Friday, March 26, 2010

Jonathan Bernstein analyzes Obama's recent speeches and draws some conclusions:
What Obama is saying here is that politics, rightly understood, is the very core of what makes this nation a nation. Not individualism, not religiosity, and certainly not ethnicity or the land itself, but politics. . . . We, in the United States, do not accept history, or live through history -- we have the capacity, Obama (and Biden) say, to make history, through collective action, whether it is in the Revolution, the Constitution, the Civil War, the civil rights revolution, or now, in tackling the challenges that face us in the 21st century. America, therefore, is self-created, and continues to be self-creating, by political action.
Two years ago, I felt that the difference between the three democratic frontrunners could be summed up like this: John Edwards wanted to reform the economy, Hillary Clinton wanted to reform society, and Barak Obama wanted to reform politics. I am still not sure whether people who voted for Obama necessarily understood or supported what he wanted to do -- I'm not sure if changing US politics is actually possible, either -- but Obama took his election as a mandate and I believe he is doing it. He sincerely believes that Americans can do anything they want to do -- "Yes, we can" is the essence of his being. In the end, if he CAN reform American politics, then society and the economy will follow.
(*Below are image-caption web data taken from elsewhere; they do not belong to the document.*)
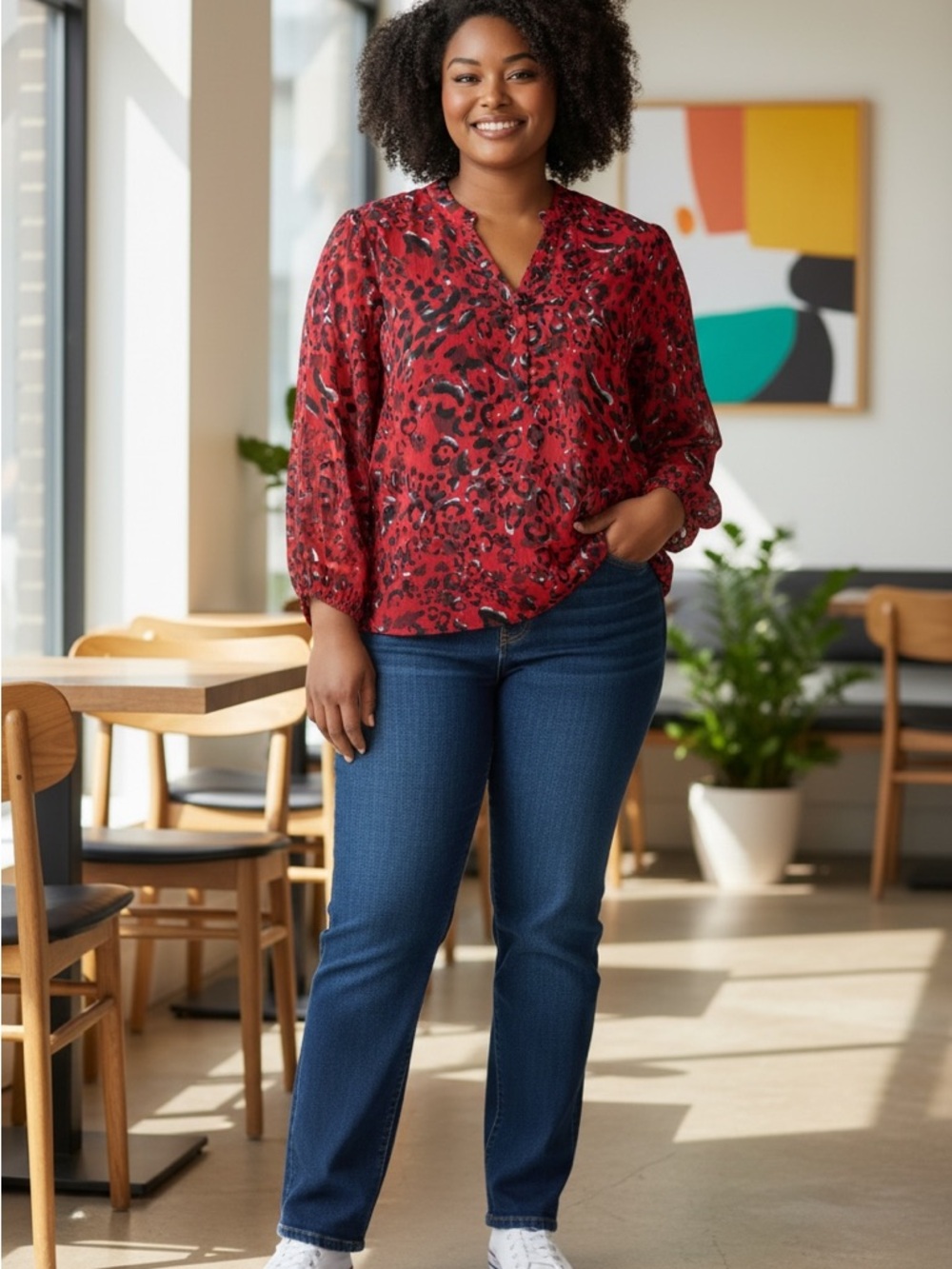 IN EVERY STORY  plus size Red Leopard Print Long Sleeve Blouse size 1x
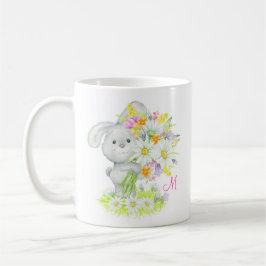 Monogram Cute Waterverf Floral Bunny Rabbit Koffiemok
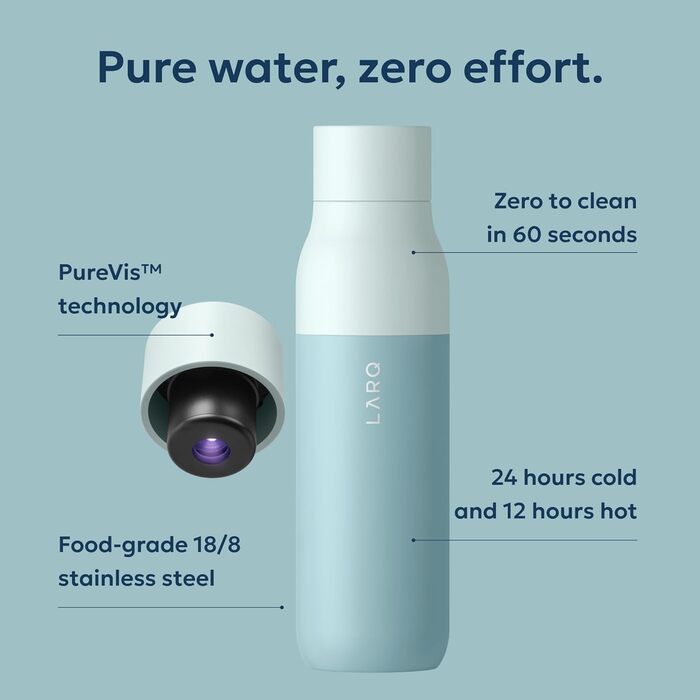 Пляшка для води LARQ PureVis 740 мл, самоочисна, нержавіюча сталь, м'ятний колір Seaside Mint, BPA-free, з УФ-C очищенням, тримає температуру, 2 роки гарантії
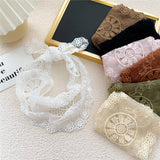 LACE FLORAL TRIANGLE SCARF NECK HAIR WRAP_CWASC0851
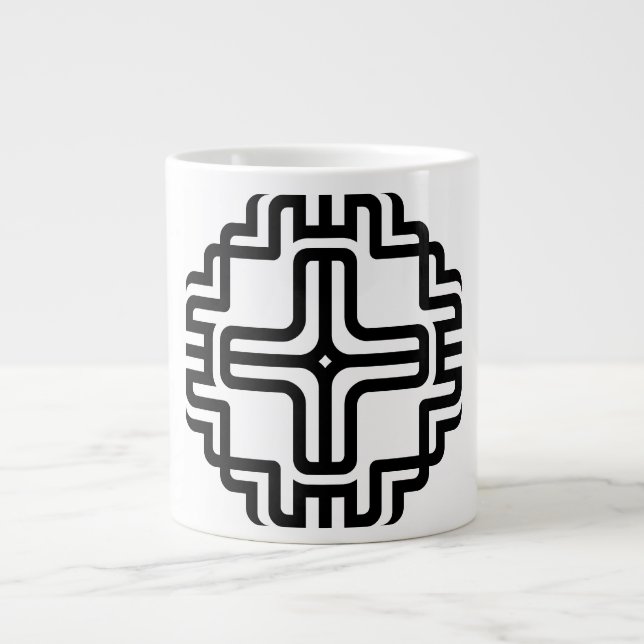 Grande Tasse Art géométrique moderne croix lignes (Devant)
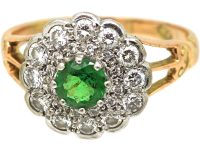Edwardian 9ct Gold, Diamond & Green Garnet Cluster Ring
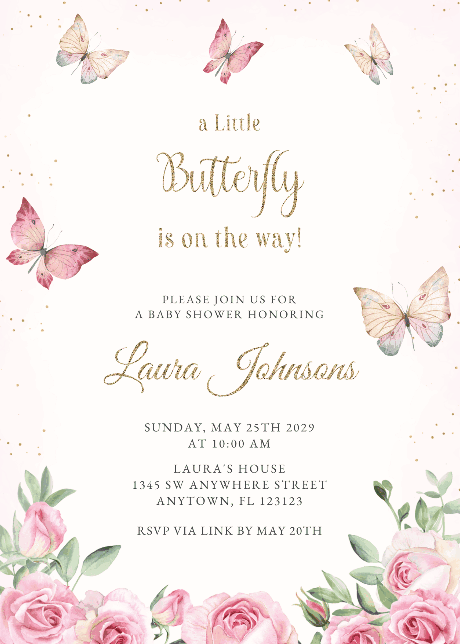 Baby Shower Invitationer - en lille sommerfugl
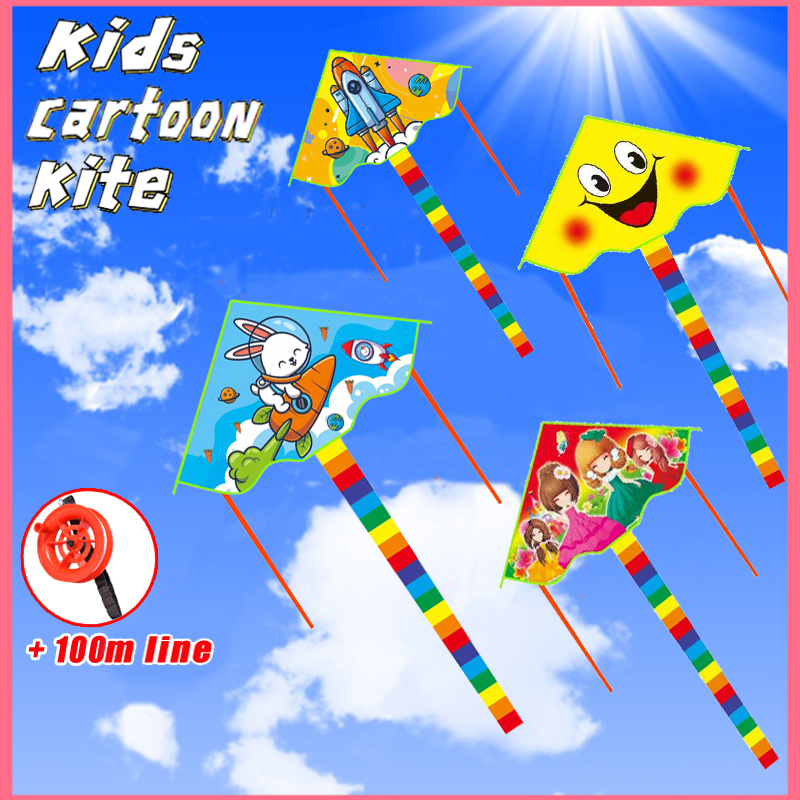 With 100m Line）Cartoon Kite Rainbow Smiling Face Outdoor Flying Kites  Garden Sports Decoration Kids Toys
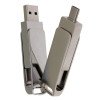 USB 2.0- флешка на 64 Гб поворотный механизм 2 в 1, c дополнительным разъемом Type-C с одноцветным металлическим клипом, серебристый USB 2.0- флешка на 64 Гб поворотный механизм 2 в 1, c дополнительным разъемом Type-C с одноцветным металлическим клипом, серебристый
The Teabaggers who are so opposed to him call him names like fascist and communist because they don't know WHAT to call him, but in some visceral way they recognize what many progressives so far have not -- that Obama actually is aiming to change the way politics is being practiced in America, creating a significant, non-partisan, forward-looking change in how American democracy functions. This is terribly threatening to some on both the right and the left, who are too comfortable with the existing system.